Activity:
Dropping every picture, set down exactly the lines in the entries below, starting with the line with "1st image of 22879 Knollwood Ln" and going on through the line with "NIGERIA: Fire Guts".

Data excerpts:

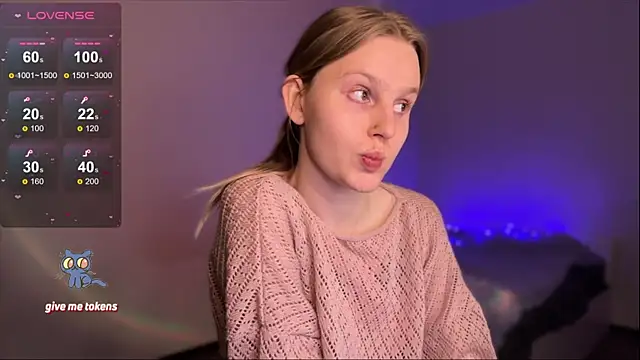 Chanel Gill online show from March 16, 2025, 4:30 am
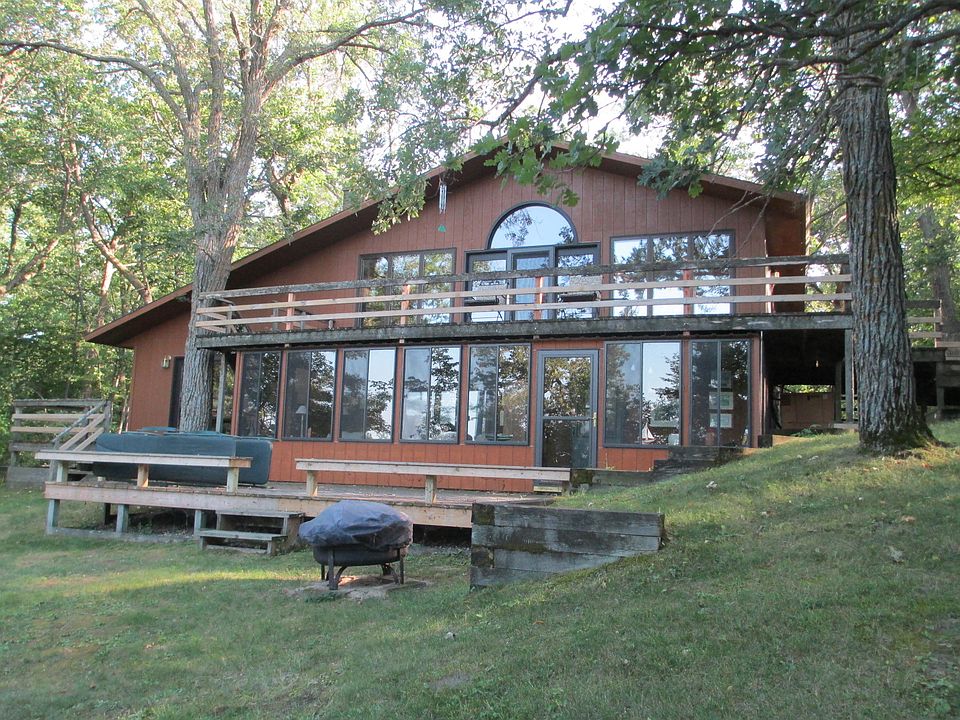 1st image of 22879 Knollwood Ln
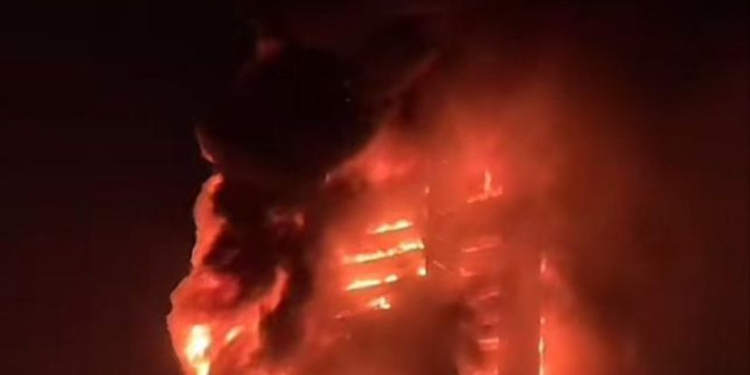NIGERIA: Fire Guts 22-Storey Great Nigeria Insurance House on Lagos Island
* * *
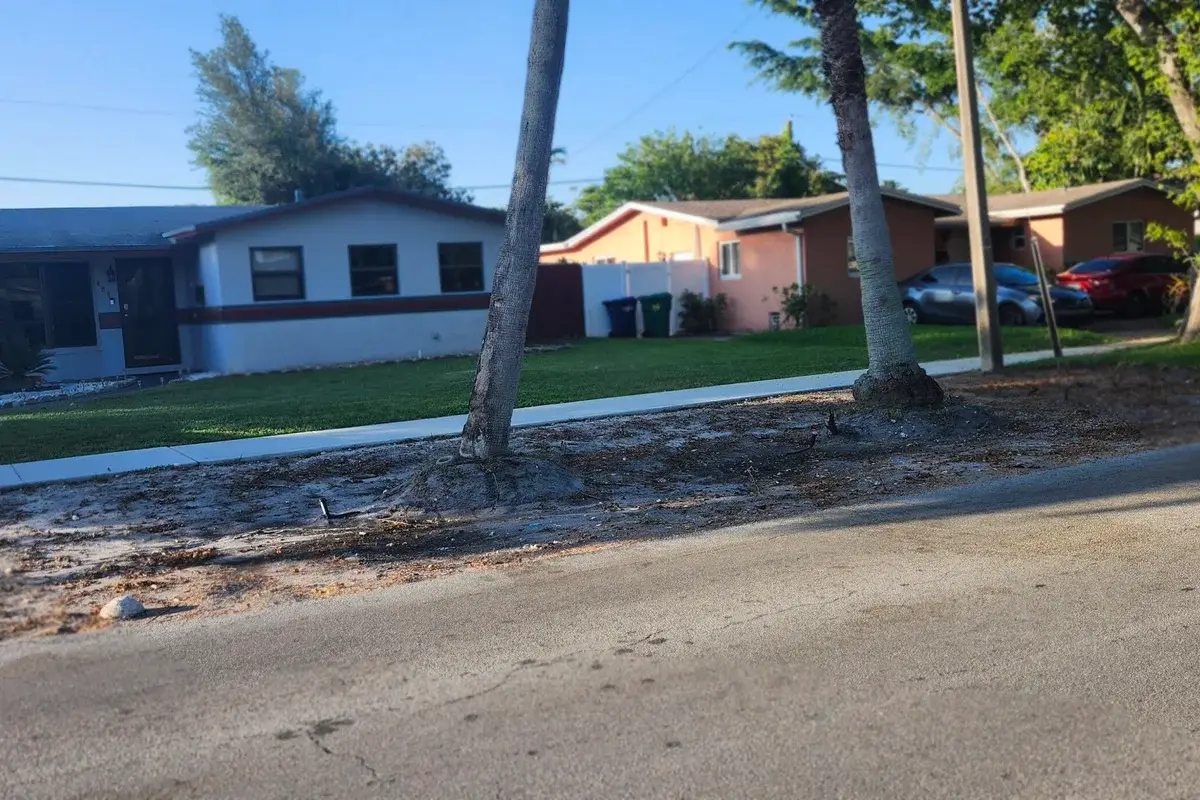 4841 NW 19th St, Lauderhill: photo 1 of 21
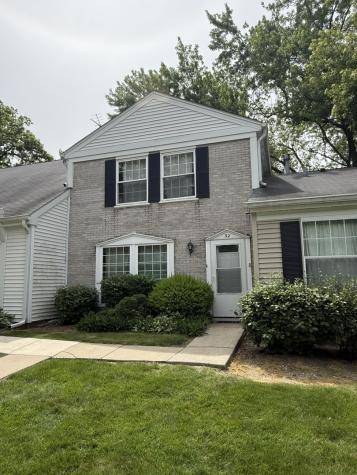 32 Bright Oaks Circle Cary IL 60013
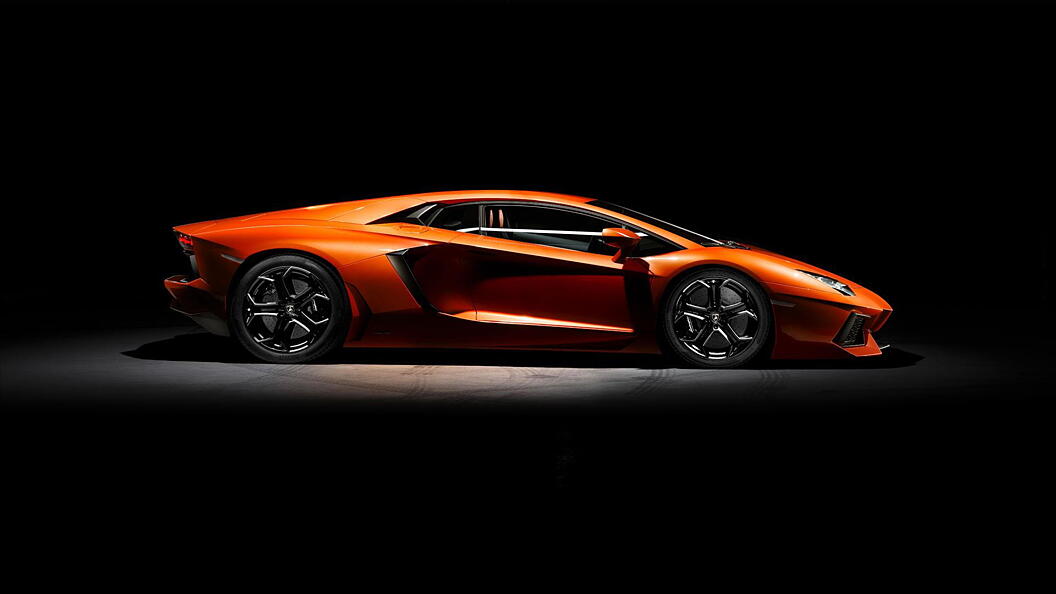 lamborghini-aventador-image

Result of the exercise:
 1st image of 22879 Knollwood Ln
NIGERIA: Fire Guts 22-Storey Great Nigeria Insurance House on Lagos Island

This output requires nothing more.